* WORK REQUIRED
For the listing below, print exactly the lines from the line with "1224 2nd Avenue N, Moorhead, MN 56560" to the line with "Valentino Garavani Black", both included, and nothing beyond them.

* SUPPLIED DATA

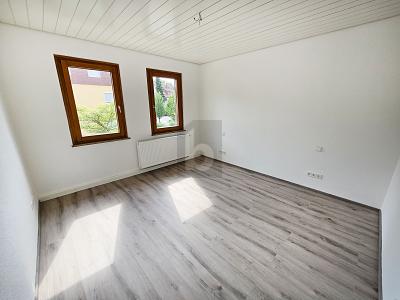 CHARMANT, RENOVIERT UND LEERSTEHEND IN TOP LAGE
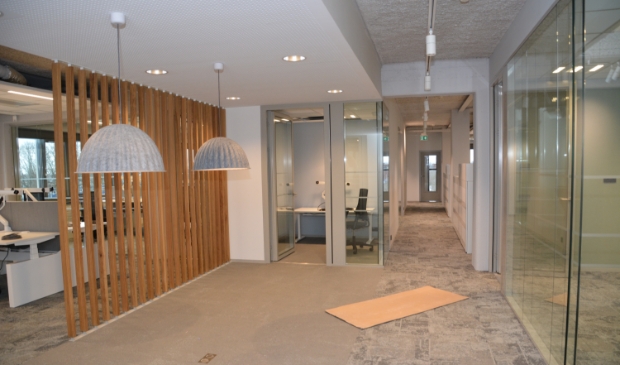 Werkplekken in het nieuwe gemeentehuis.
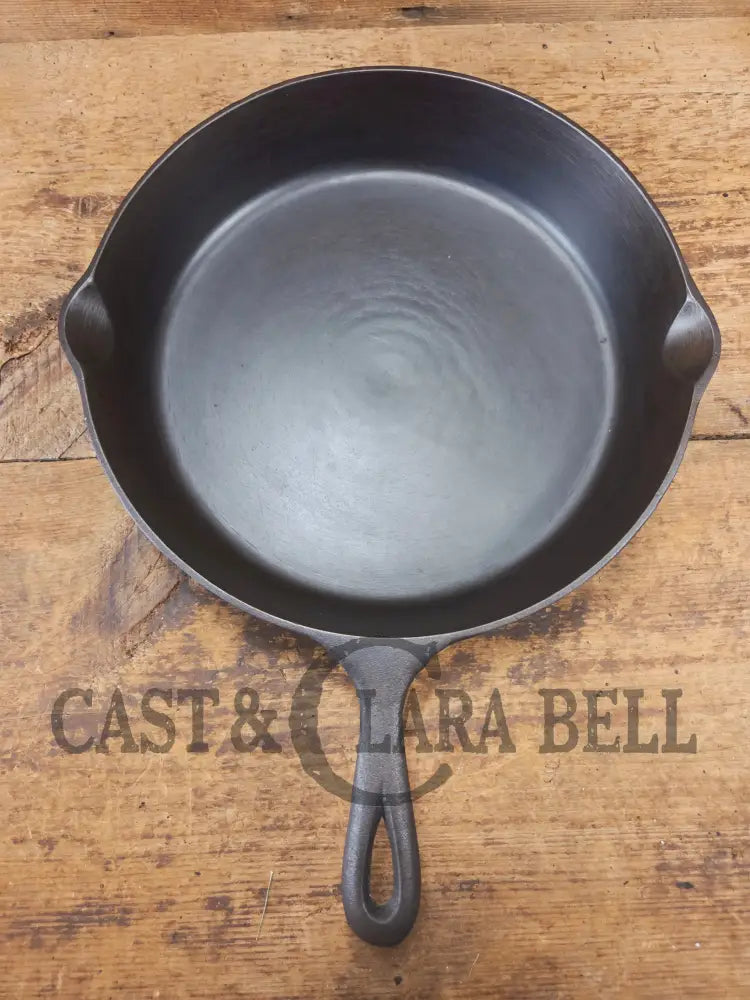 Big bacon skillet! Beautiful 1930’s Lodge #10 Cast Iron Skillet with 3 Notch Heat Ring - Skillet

--

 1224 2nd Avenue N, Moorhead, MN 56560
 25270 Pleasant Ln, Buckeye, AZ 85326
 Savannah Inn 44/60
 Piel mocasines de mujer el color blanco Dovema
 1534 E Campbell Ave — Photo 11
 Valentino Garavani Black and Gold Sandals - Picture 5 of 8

* OUTPUT FOR THIS EXERCISE
 1224 2nd Avenue N, Moorhead, MN 56560
 25270 Pleasant Ln, Buckeye, AZ 85326
 Savannah Inn 44/60
 Piel mocasines de mujer el color blanco Dovema
 1534 E Campbell Ave — Photo 11
 Valentino Garavani Black and Gold Sandals - Picture 5 of 8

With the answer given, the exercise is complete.